Provided data >>
—————
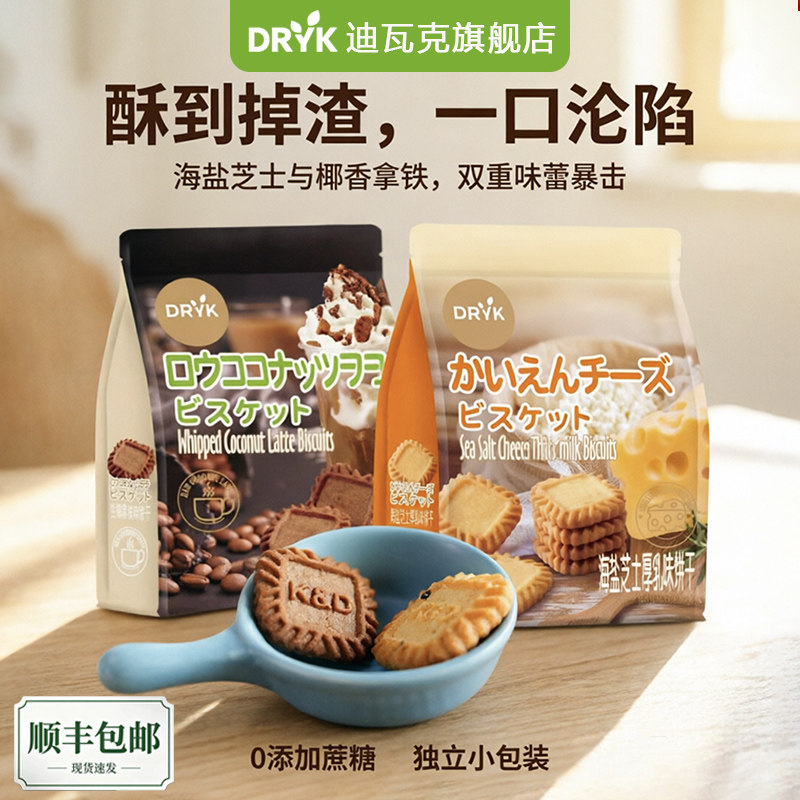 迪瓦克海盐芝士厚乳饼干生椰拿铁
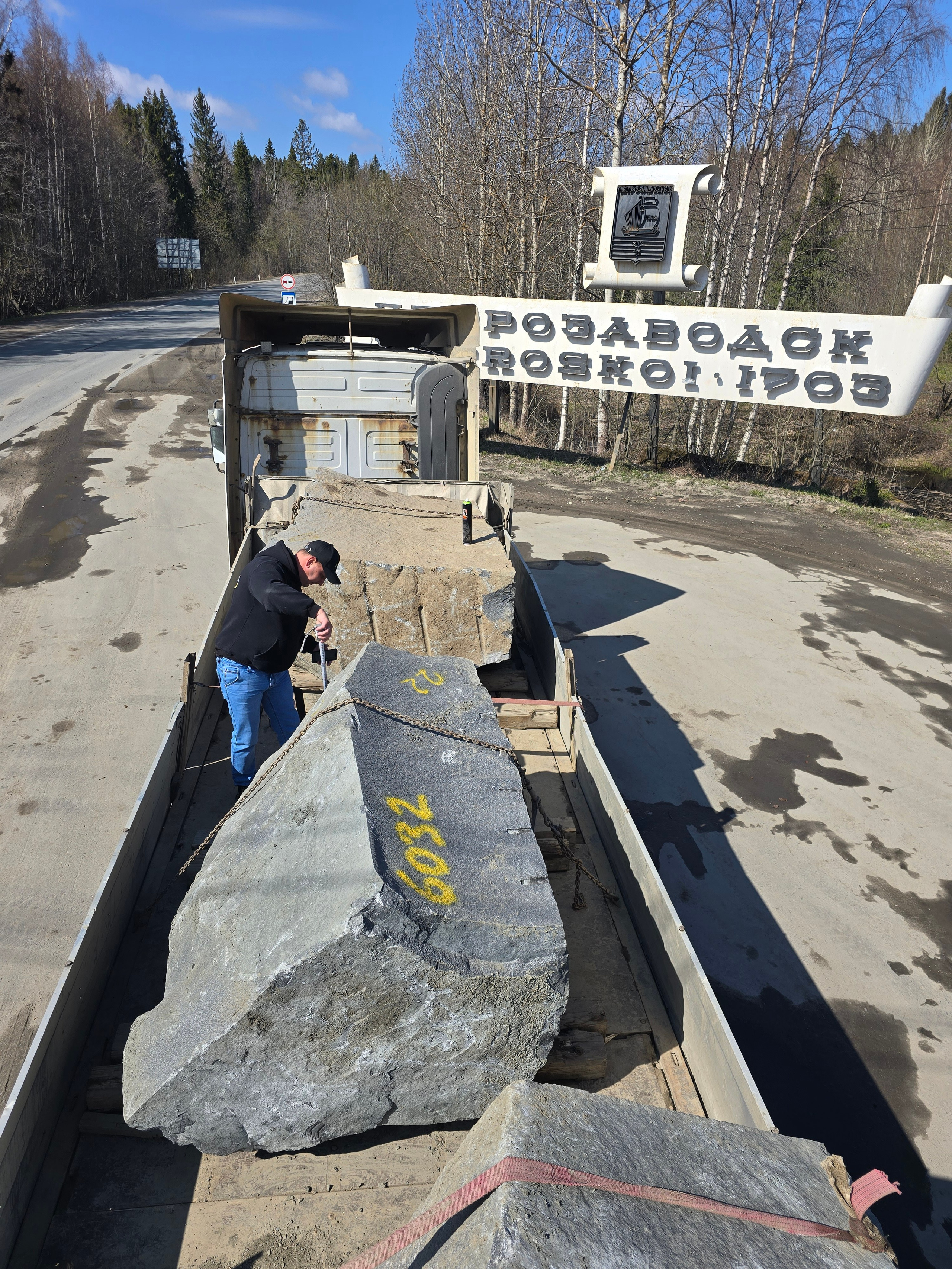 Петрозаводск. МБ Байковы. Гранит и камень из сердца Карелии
—————
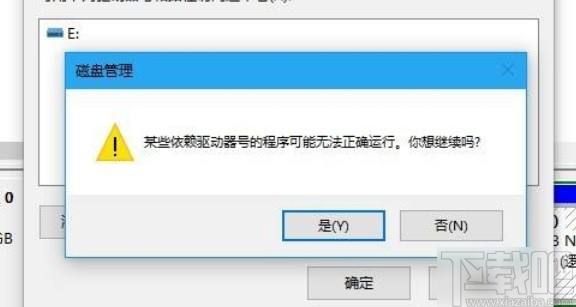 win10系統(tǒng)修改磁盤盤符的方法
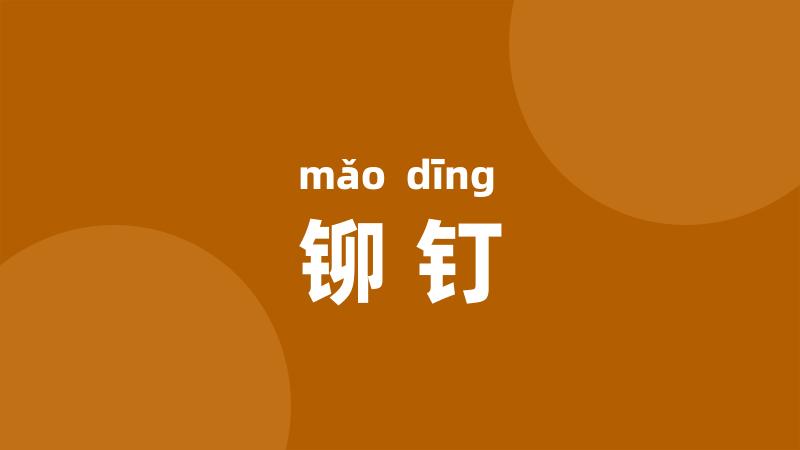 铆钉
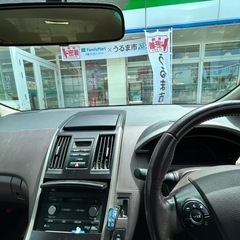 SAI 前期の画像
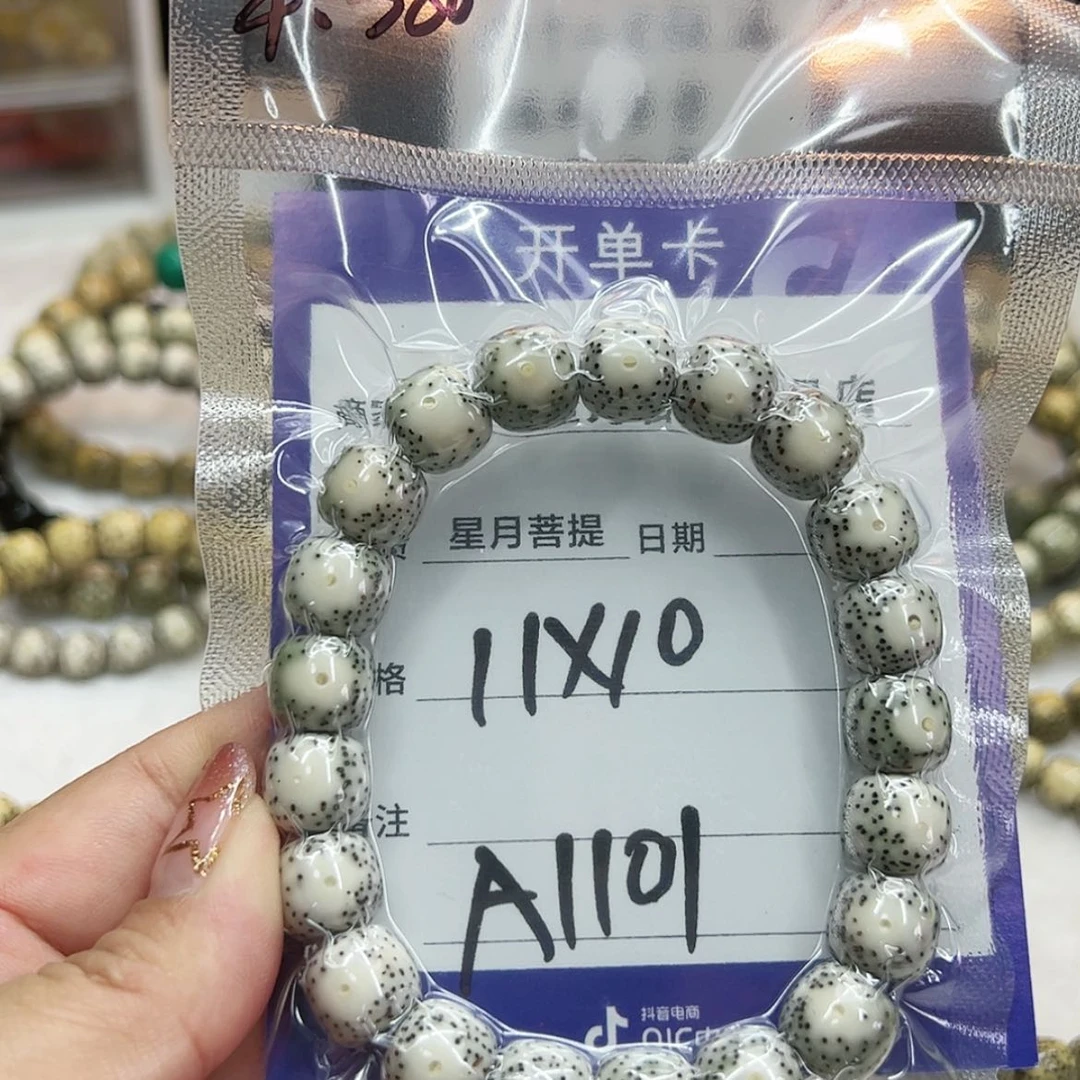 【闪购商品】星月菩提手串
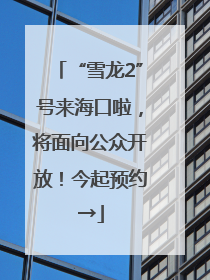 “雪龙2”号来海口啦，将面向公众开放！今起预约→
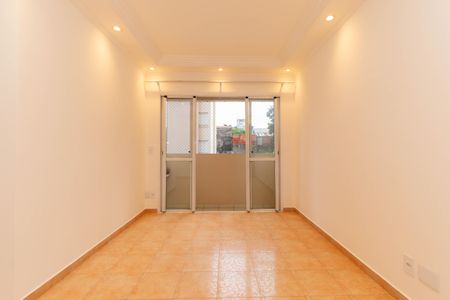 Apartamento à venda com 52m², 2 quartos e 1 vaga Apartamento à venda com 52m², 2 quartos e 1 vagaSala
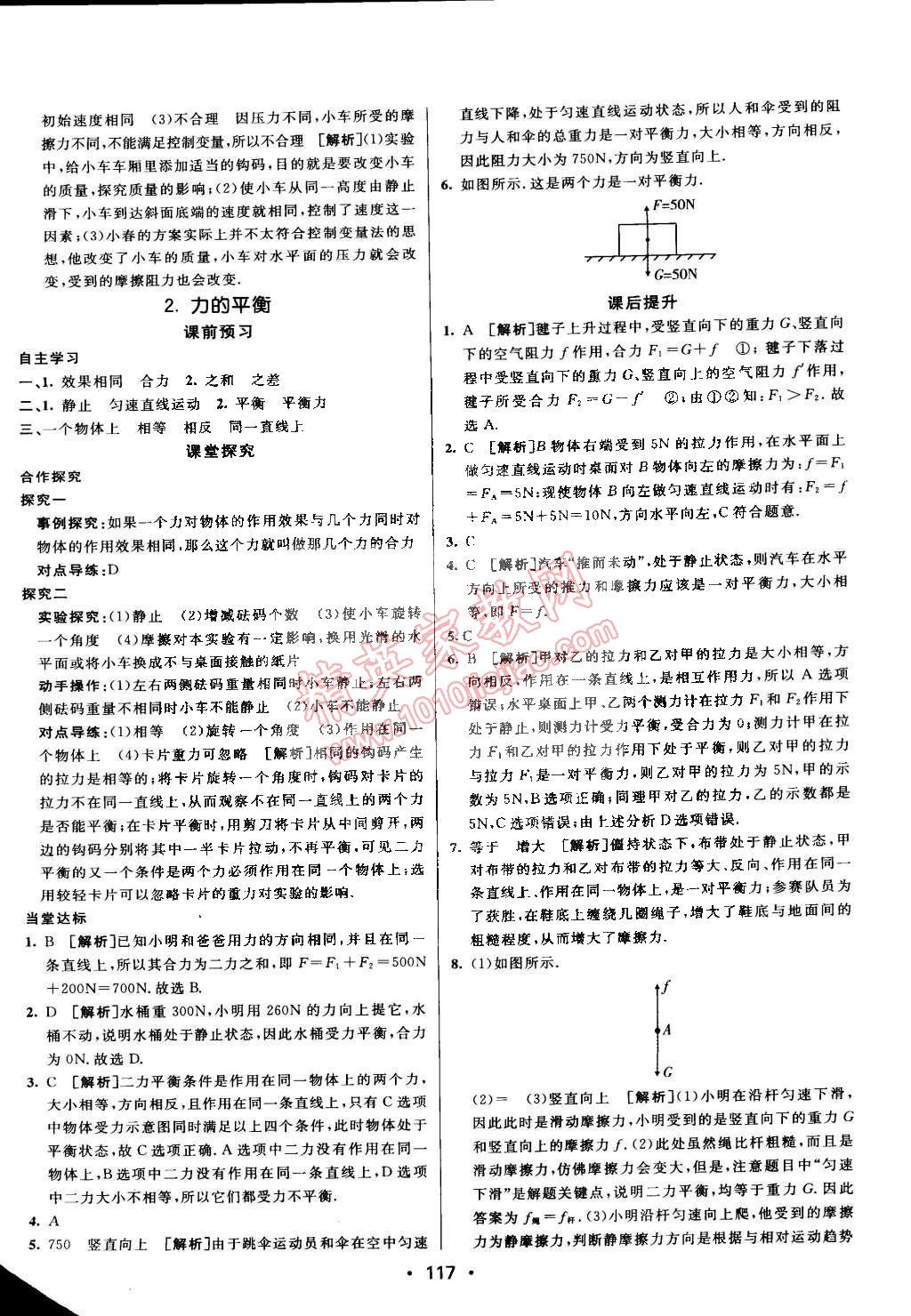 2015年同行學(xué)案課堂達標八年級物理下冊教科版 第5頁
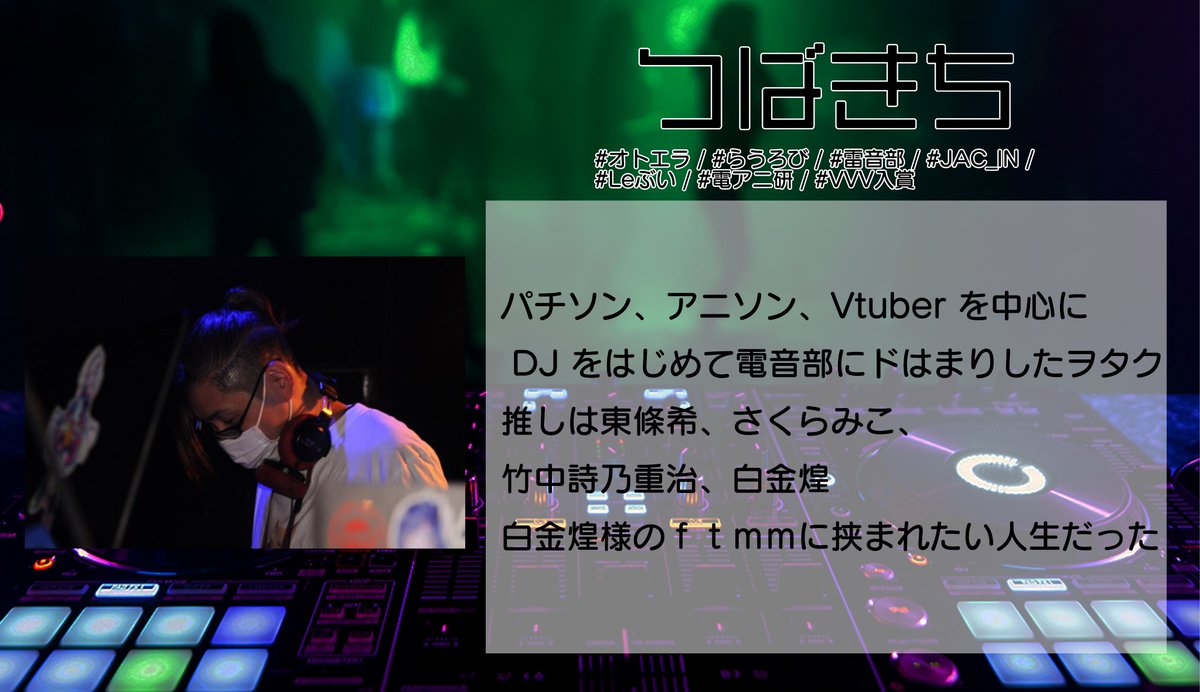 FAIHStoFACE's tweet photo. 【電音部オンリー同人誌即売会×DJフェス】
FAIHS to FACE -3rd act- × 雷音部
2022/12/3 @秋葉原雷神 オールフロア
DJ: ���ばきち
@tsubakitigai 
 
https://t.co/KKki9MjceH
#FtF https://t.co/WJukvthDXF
—————
What you need to do >>
Using the material above, transcribe exactly the lines from the one holding "Apartamento à venda com 52m², 2 quartos e 1 vaga Apartamento" to the one holding "#FtF https://t.co/WJukvthDXF", both ends kept. Do not carry over any pictures.

Result below >>
 Apartamento à venda com 52m², 2 quartos e 1 vaga Apartamento à venda com 52m², 2 quartos e 1 vagaSala
 2015年同行學(xué)案課堂達標八年級物理下冊教科版 第5頁
 FAIHStoFACE's tweet photo. 【電音部オンリー同人誌即売会×DJフェス】
FAIHS to FACE -3rd act- × 雷音部
2022/12/3 @秋葉原雷神 オールフロア
DJ: ���ばきち
@tsubakitigai 
 
https://t.co/KKki9MjceH
#FtF https://t.co/WJukvthDXF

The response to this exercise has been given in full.